Au numéro 15 s’élève un immeuble moderne. Rien ne ressemble moins à de la vieille pierre.

Il y a peut-être une cour intérieure. 

Elle se penche sur son écran, tape quelques mots. 

C’est là, juste là! On voit bien grâce à Google. 

Elle lui montre une photo aérienne sur laquelle on aperçoit un grand cercle sur le toit d’un immeuble. 

Là, c’est une vieille tour de l’abbaye, j’en suis persuadée. On peut peut-être l’apercevoir de la rue d’à côté? 

Elle revient sur ses pas jusqu’à la rue de l’Abbaye, scrute les toits. Elle s’éloigne sur la rue Bonaparte, se rapproche, varie les angles, elle entre dans le square Laurent Prache, toujours en vain. 

Je sais qu’elle est là, mais je n’la verrai pas. C’est bête. 

Une dame aux cheveux gris s’approche d’eux. Elle sourit au quadragénaire. Bonjour madame Maillard! 

Bonjour Aubert.

La dame elle s’éloigne d’un petit pas pressé, vers le boulevard.

Aubert? Moi c’est Sandrine.

Elle n’est déjà plus là. Il s’étire la jambe gauche, la tord dans tous les sens avant de la rejoindre. Il serre la mâchoire sans grimacer. Il parvient même à sourire.

Si vous n’en pouvez plus, n’hésitez pas, vous vous arrêtez, ce sera bye bye, je comprendrai. 

Péniblement, il avance en s’appuyant aux façades des immeubles. Elle montre du doigt une plaque, qu’elle lit à voix haute. 

En 1793 et 1794, Condorcet, proscrit, trouva asile dans cette maison où il composa sa dernière œuvre, L’esquisse des progrès de l’esprit humain. 

Je l’ai lu, Condorcet.

Une autre victime du Tribunal révolutionnaire. Saviez-vous qu’ici, sur la rue Servandoni, ont vécu d’Artagnan et Marius Pontmercy. Mais vous boitez! Je ne connais pas leurs adresses toutefois. Qu’avez-vous?
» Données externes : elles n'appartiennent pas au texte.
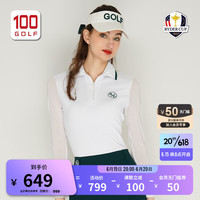 RYDER CUP莱德杯高尔夫服装女装长袖T恤23夏季新品柔软冰感翻领运动PLOL衫 白色 XS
Une petite entorse, rien de grave. 

Aubert le menteur. Il prend le bras qu’elle lui tend, mais il ne s’appuie qu’à moitié. Place Alphonse Laveran, elle a le nez sur son téléphone depuis une vingtaine de minutes, tape des mots.
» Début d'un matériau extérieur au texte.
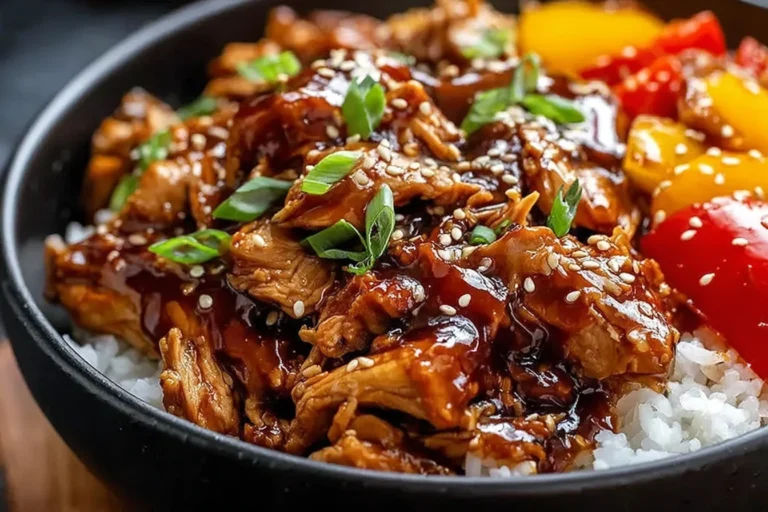 Slow Cooker Sweet Chili Chicken served over fluffy white rice, topped with sesame seeds and green onions, with colorful bell peppers on the side.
C’est une affaire de cœurs. 

Je croyais que vous ne rêviez que mousquetons, pistolets et poudre noire. 

C’est ben l’église du Val de Grâce, en face de nous. 

Avec ses six colonnes!

C’est là qu’on gardait les cœurs de la famille royale. Il y en avait quarante-cinq. En 1793, les révolutionnaires se sont débarrassés d’ces cœurs. 

Je ne me suis pas consolé, bien que mon cœur s’en soit allé.

Vous écrivez des poèmes? 

Verlaine. Il a habité près d’ici. 

Elle l’aide à se relever. Il rajuste sa veste. Rue Mouffetard, Aubert chute. Il s’étale de tout son long sur le trottoir. Les passants le contournent, râlent, une dame le traite d’ivrogne. Il se tord le visage de douleur, se remet sur pied. Dix mètres devant, Sandrine, prend des photos, elle n’a rien vu. Elle s’arrête devant le numéro soixante et un.
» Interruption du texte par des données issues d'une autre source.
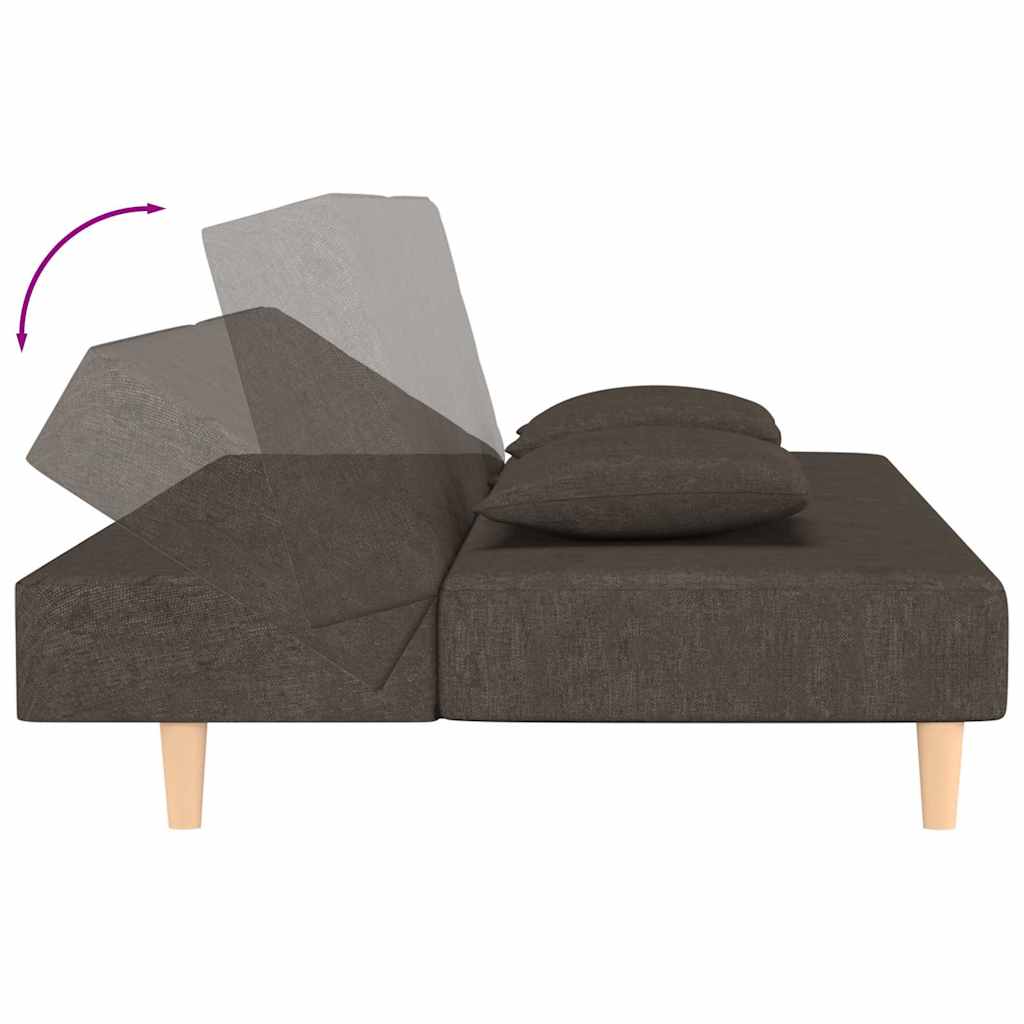 Canapé convertible 2 places avec 2 coussins en tissu marron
C’est laid, c’était un couvent transformé en caserne d’la Garde républicaine. 

Albert la rejoint.

J’ai refait le monde des dizaines de fois, dans les cafés de cette rue! 

Sandrine lit sur son téléphone, tout en marchant. 

Paraît que Claude François Lazowski vivait ici, c’était un des organisateurs de l’assaut sur les Tuileries. 

Aubert se masse la jambe. 

Pourquoi la… pou… pourquoi… 

Oui? 

Pou… 

Aubert, ça va? 

Oui, j’ai un… j’ai…

Vous êtes épuisé. Reposez-vous. Allez prendre un café quelque part. 

Il respire à pleins poumons. 

Une allergie aux fruits à coque, rien de grave. Je voulais savoir, Sandrine, pourquoi la Révolution française? 

Sandrine rit de bon cœur, elle embrasse Aubert sur chaque joue. 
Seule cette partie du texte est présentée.